▶ [Provided material]:
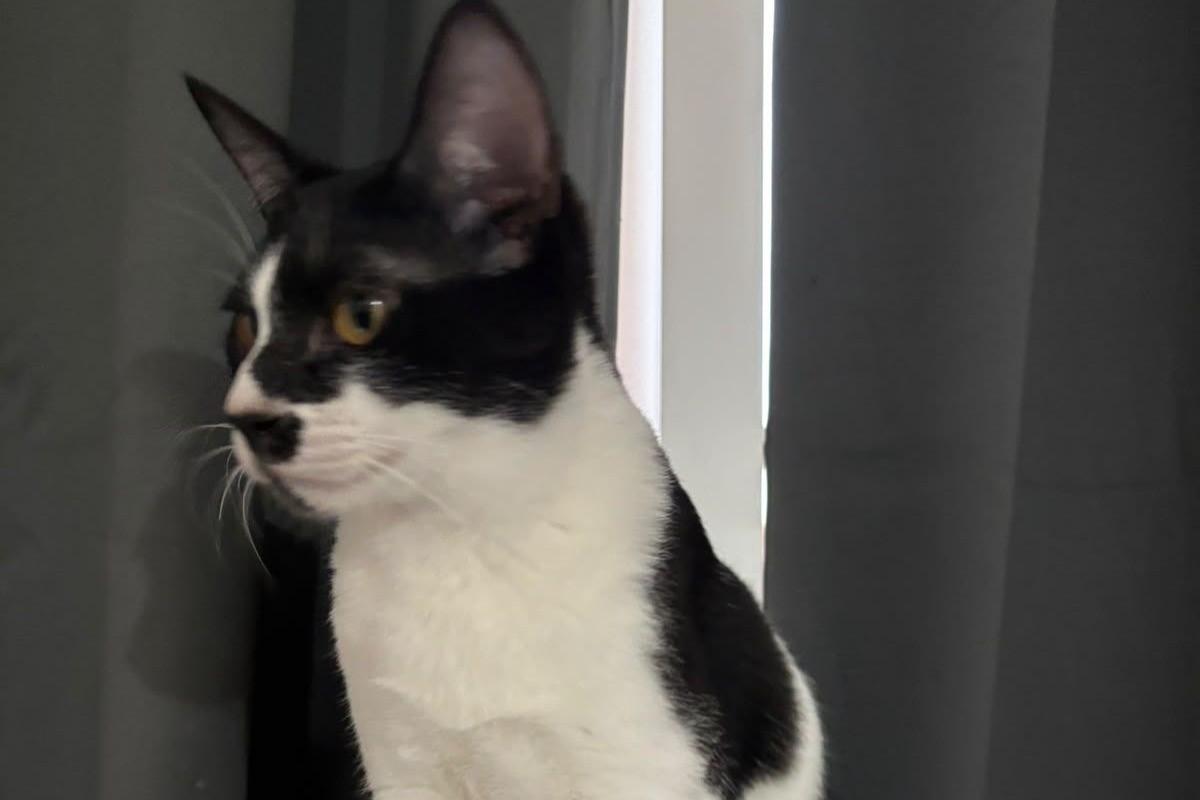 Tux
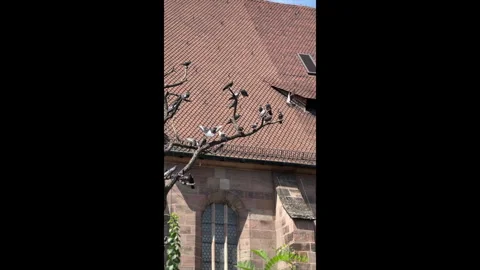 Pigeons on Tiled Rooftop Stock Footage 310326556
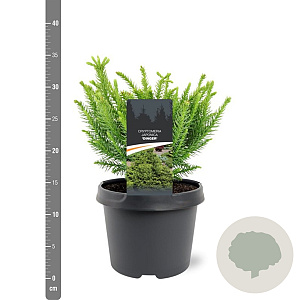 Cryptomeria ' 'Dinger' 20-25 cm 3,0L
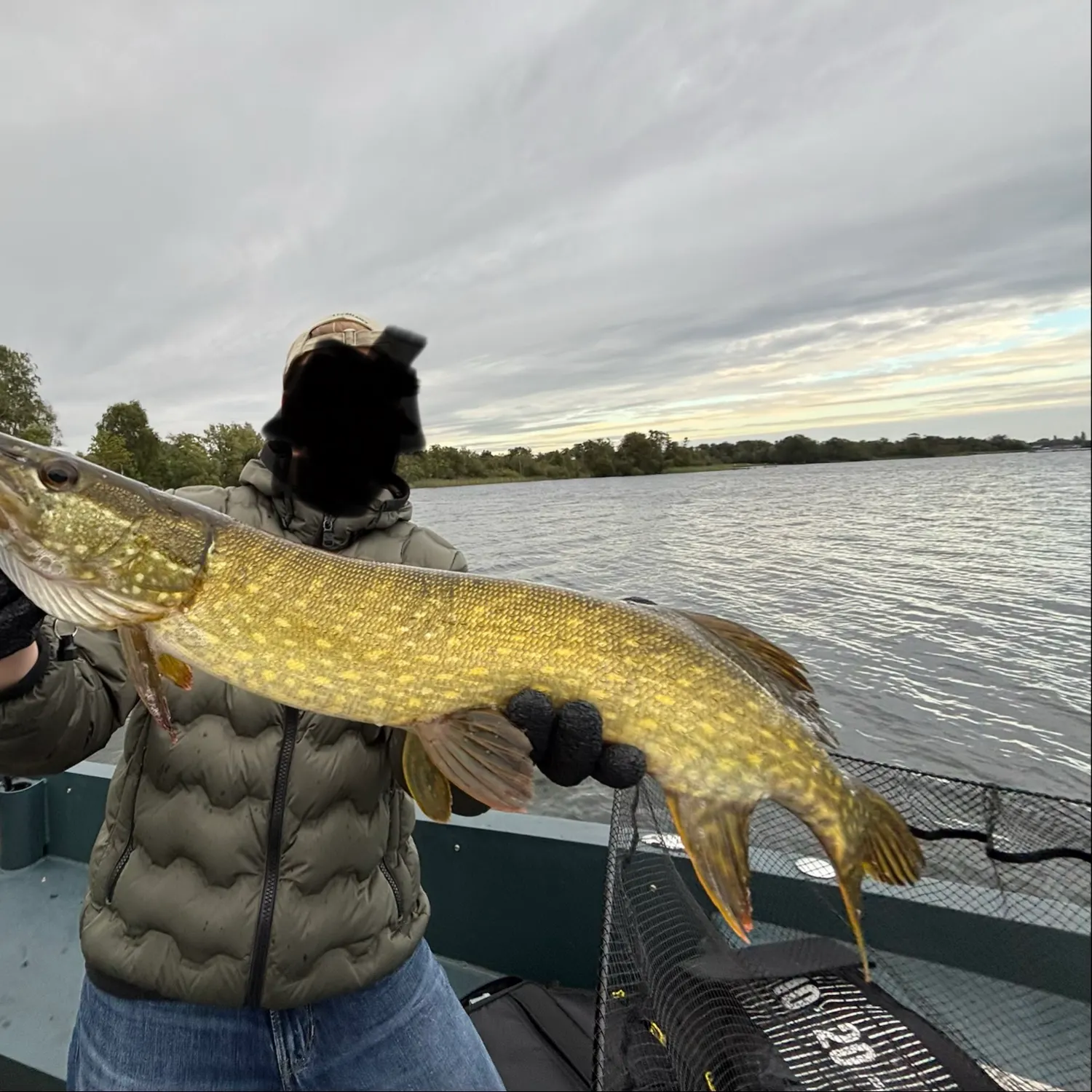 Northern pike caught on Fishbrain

▶ [To do]: Output the span from the line with "Cryptomeria ' 'Dinger' 20-25 cm 3,0L" through the last line of the data, inclusive and exact, and omit every picture.

▶ [Answer box]:
 Cryptomeria ' 'Dinger' 20-25 cm 3,0L
 Northern pike caught on Fishbrain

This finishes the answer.